Читаем Letters полностью

Will you believe that whilst I waited for a sign from heaven, tried to hold onto what reason remained to me after so long, so much, so many — half of my belongings still upstairs in Jane’s house! — I traded polite condolences with the company, approved the gentle ironies in Todd Andrews’s eulogy (a gloss on the motto of the college: Praeteritas futuras fecundant, “The past fertilises the future”), made sarcastic quips with Ambrose about Cook’s funeral ode, and said nothing to the young man whom perhaps I carried in my womb for nine months and five thousand miles, brought into the world, have scarcely seen since (and have not seen since)? I… had not the strength, have not, to beard the lion (and eyeglass him, etc.) in his den; to lay siege to Annapolis, Bloodsworth Island, Castines Hundred; to press, press until no mysteries remain. Because… what then? I had abandoned the boy-child; what claim had I on the man?

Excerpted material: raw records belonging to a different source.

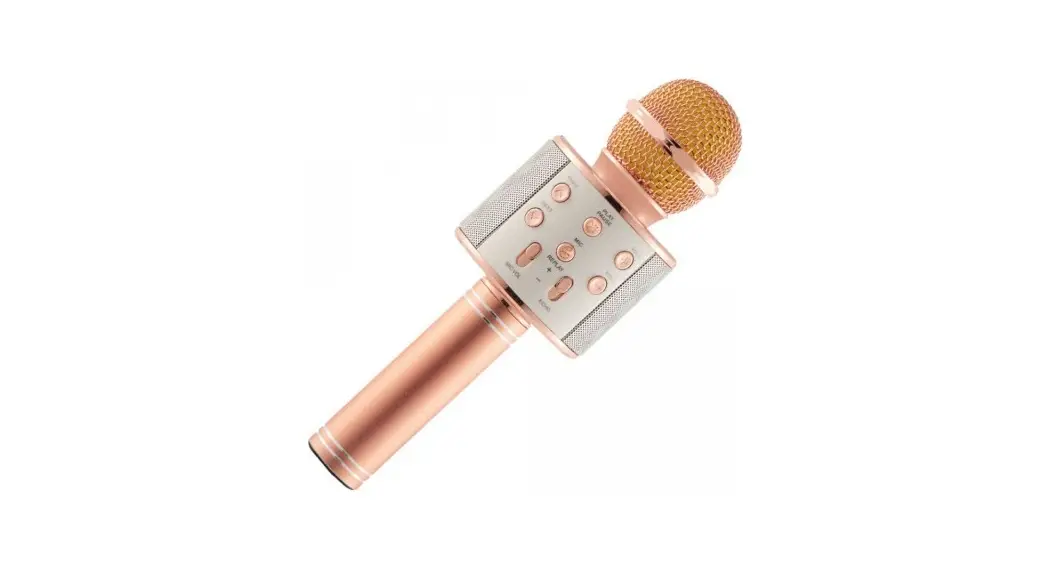 Zeeva Sp-0120 Bt Led Karaoke Mic Instruction Manual Zeeva Sp-0120 Bt Led Karaoke Mic Instruction Manual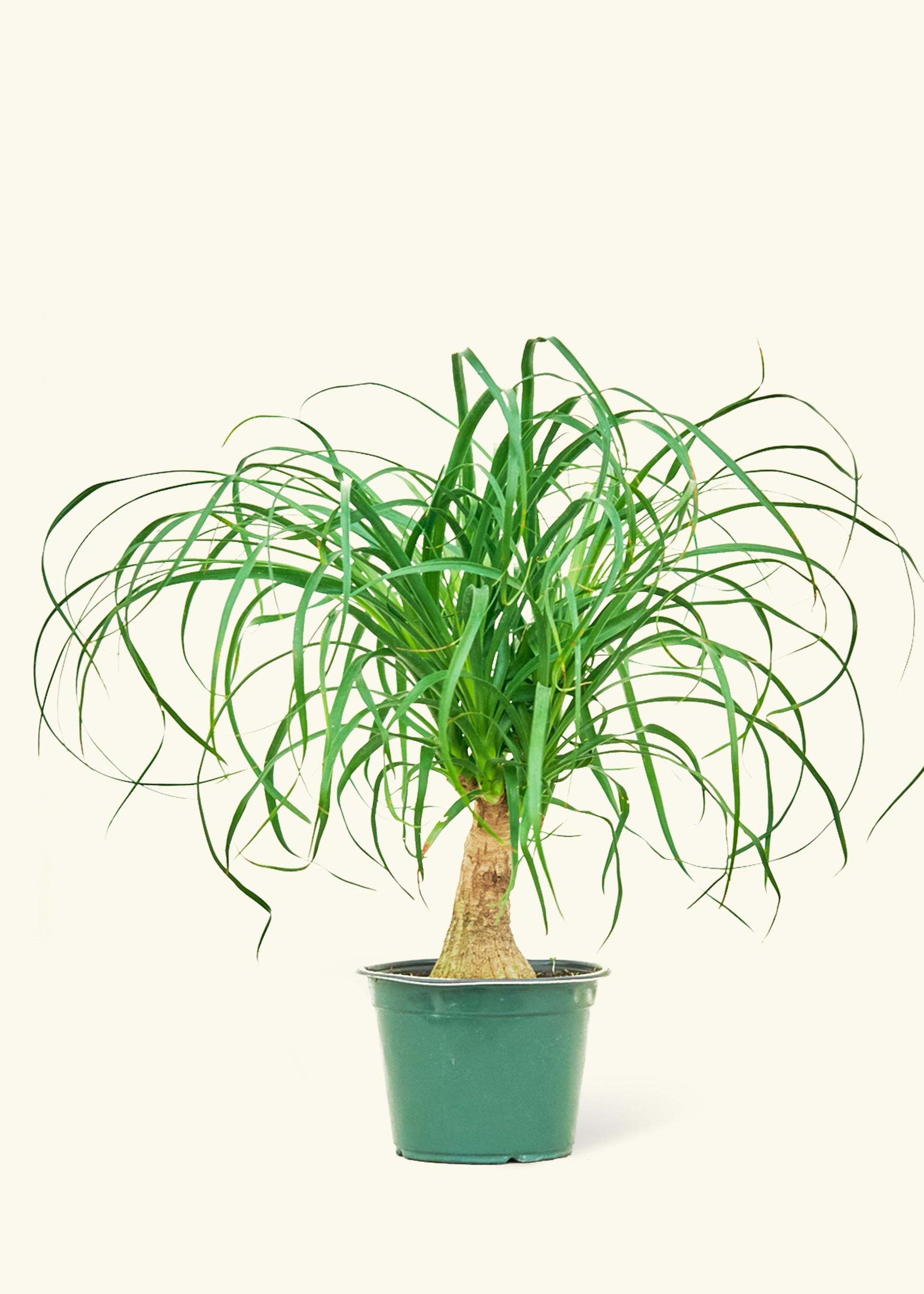 Ponytail Palm in a 6 inches grow pot
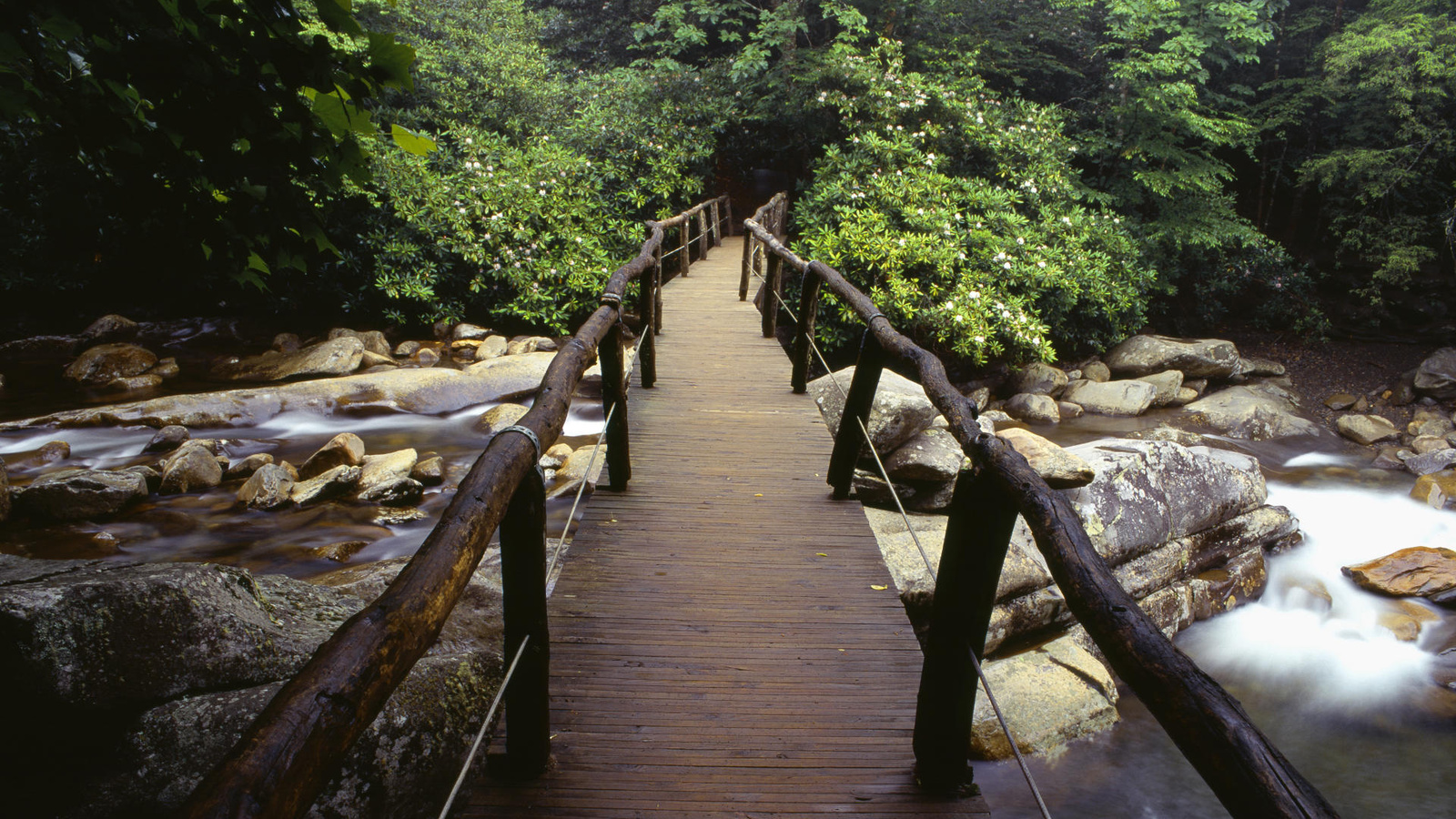 bridge, river, rock, water, tree, river, green, forest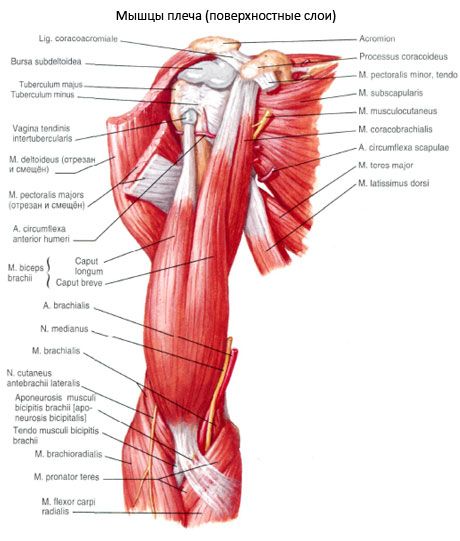 Biceps armen (axelbiceps)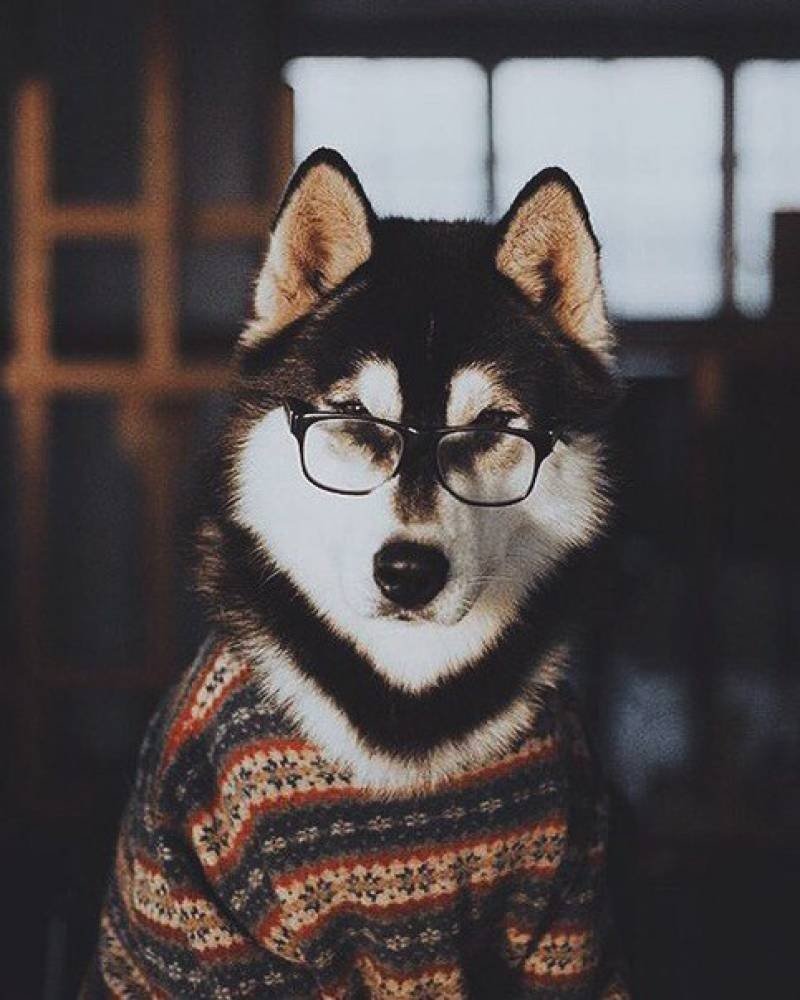 Крутые хаски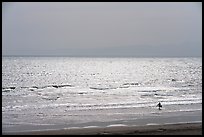 Surfer, Katase Nishihama beach. Fujisawa, Japan ( color)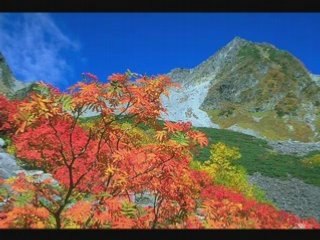 FETHULLAH GÜLEN-SIZINTI BASYAZISI-NERDESIN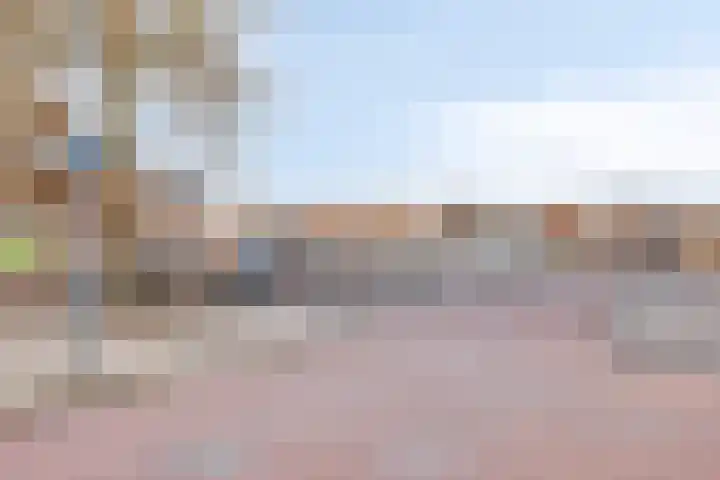 Loobos 8 Alphen thumbnail 22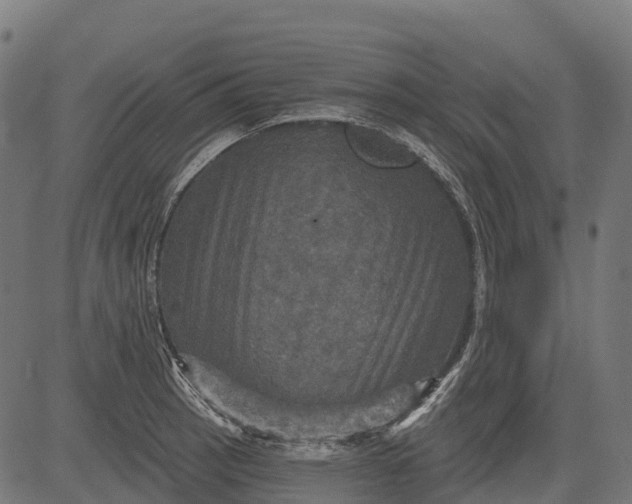 X0000084521137200703091555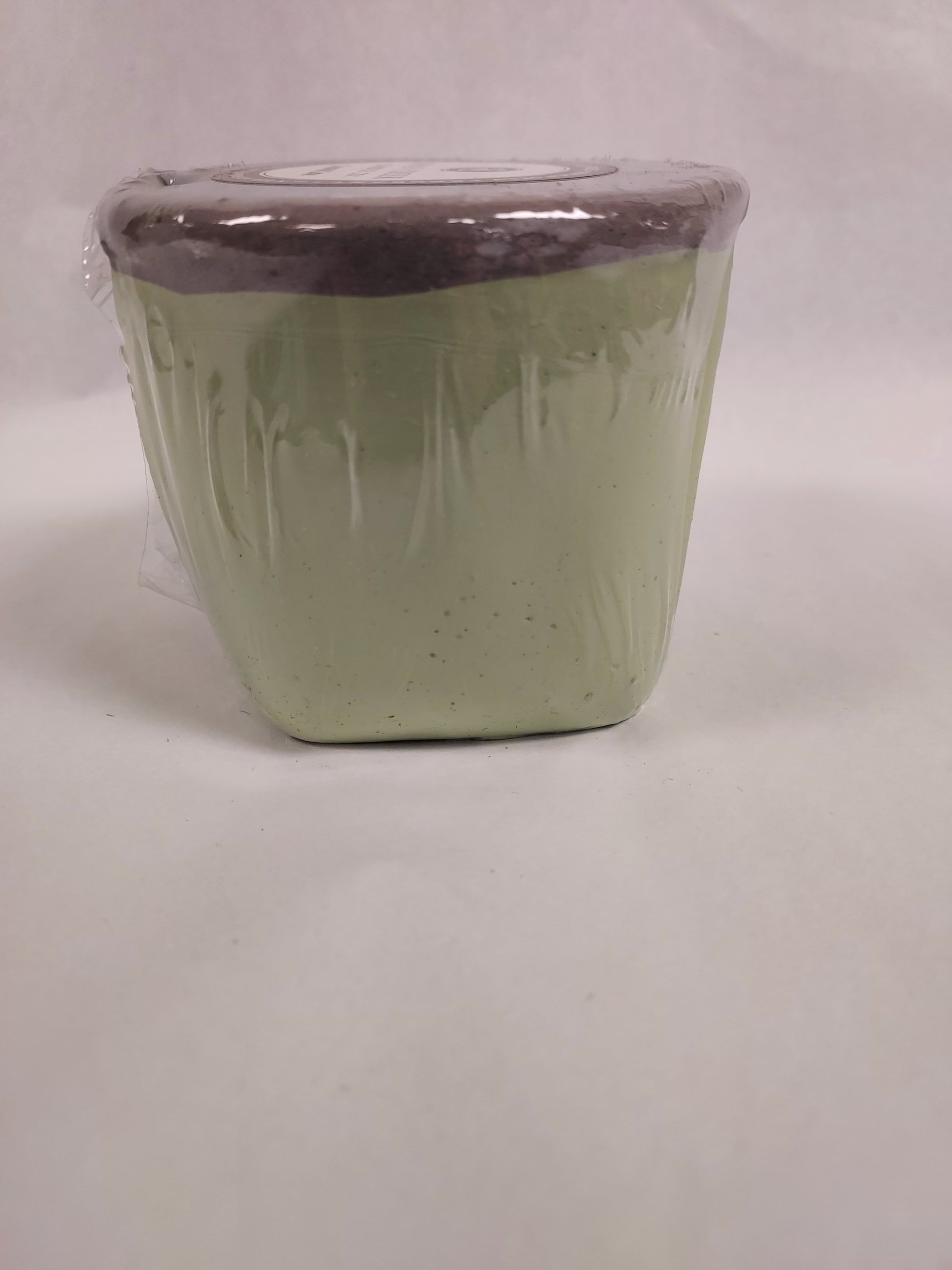 Coconut Lime Round Sorbet Pot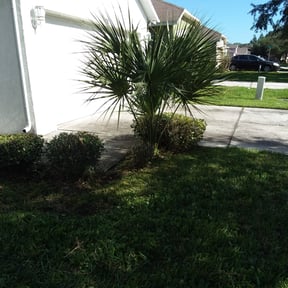 Bush Trimming by Elevated Landscaping Company reviewed on August 21, 2025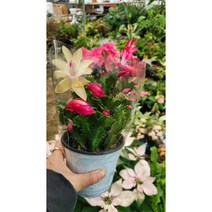 게발선인장 바이올렛 레드 +노랑 혼합 010 랜덤 공기정화식물/미세먼지/공기정화효과 공기정화식물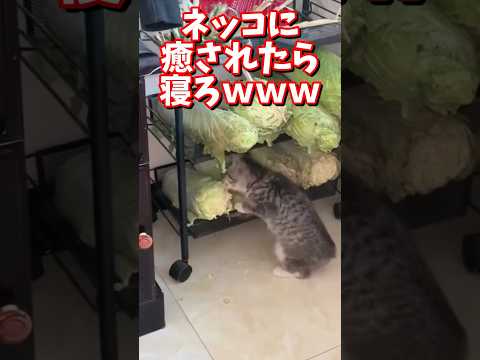 ネッコの動画で癒されたら寝ろｗｗｗ　#2ch #2chまとめ 動物スレ #2ch面白いスレ #動物 #犬 #猫 #癒やし #ねこ動画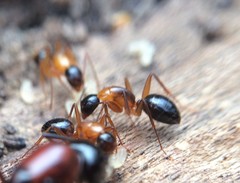 Camponotus texanus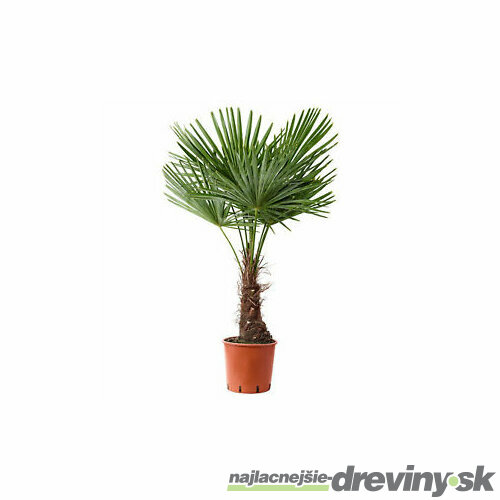 Mrazuvzdorná palma, výška 20/40 cm, v črepníku Trachycarpus fortunei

Ambrose, till then an affable colleague merely, saw me home and did me some services after at Tidewater Farms; our closer connexion dates from there. Clearly André has abandoned me for good. I am endeavouring to make it so: for good. This confession — whose readiness you now understand, whose prolixity you pardon, as I trust you now understand (no pardon called for) my susceptibility to the blandishments of Ambrose Mensch — this confession is the epilogue to the story, finally done. When I report to you that my “love” (oh bother the quotation marks!) for your erstwhile friend, especially since this chaste Third Stage of our affair commenced, grows determinedly, you will know what I mean. My whole romantic life, I am trying to persuade myself, has, like the body of this letter, been digression and recapitulation; it is time to rearrive at the present, to move into a future unsullied by the past.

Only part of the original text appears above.